Preparing the front door before fitting it

Before I called round to get someone to fit the door, frame and furniture, Neil had a mammoth task on his hands, to paint the front and back of the door. And I had the mammoth job of choosing the colour (hey, colour choosing can be hard work too!)

After a trip to B&Q I came home with Valspar's Exterior Wood & Metal paint in Platinum Sage for the front door and frame, but Neil also layered on Valspar's Exterior primer undercoat beneath that. I think all in all it took him about 5 coats of paint for the wood to be sealed in and looking beautiful. 

The paint job was a real credit to Neil. He was meticulous with it, especially as it was a 36 hour job in total. Don't be fooled into thinking painting a door is quick work, it certainly isn't!

The front door was then installed by my best friend's dad who did it meticulously well. It's the sort of job you need someone pro to do as any gaps can cause leaks, draughts and there's every chance door furnishings won't be flush or lock right. He did a great job! These are some progress shots whilst it was being hung.

We decided to change the direction it was hung too, which made a real difference to the vibe when you walk into the house. You can see directly down into the garden now, which we love.  

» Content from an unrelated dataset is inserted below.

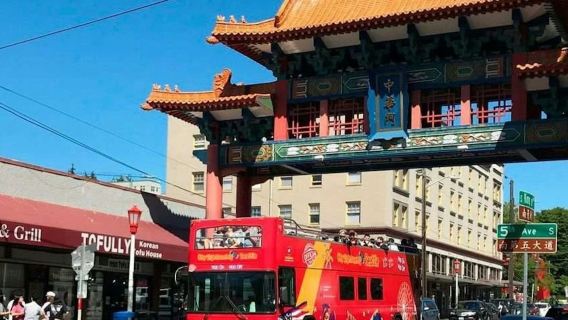 Seattle: Hop-on Hop-off Bus Tour + Sky View Observatory Entry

For the inside of the door we just used some Wimborne White Farrow and Ball Estate Eggshell paint that I'd got for all of the skirting boards throughout the house. I decided to pull my weight and painted the frames for Neil. I have a really steady hand but zero patience – so we make a great team when it comes to painting. I do the small areas, he does the big areas (and most of the work haha).

Our Front Door - Internal - After

Our Front Door - External- After

1930s style front door

We then got our driveway paving done and we think it just makes the door pop!

1930s front door

We absolutely love it! Years on and it’s still keeping us safe and cosy.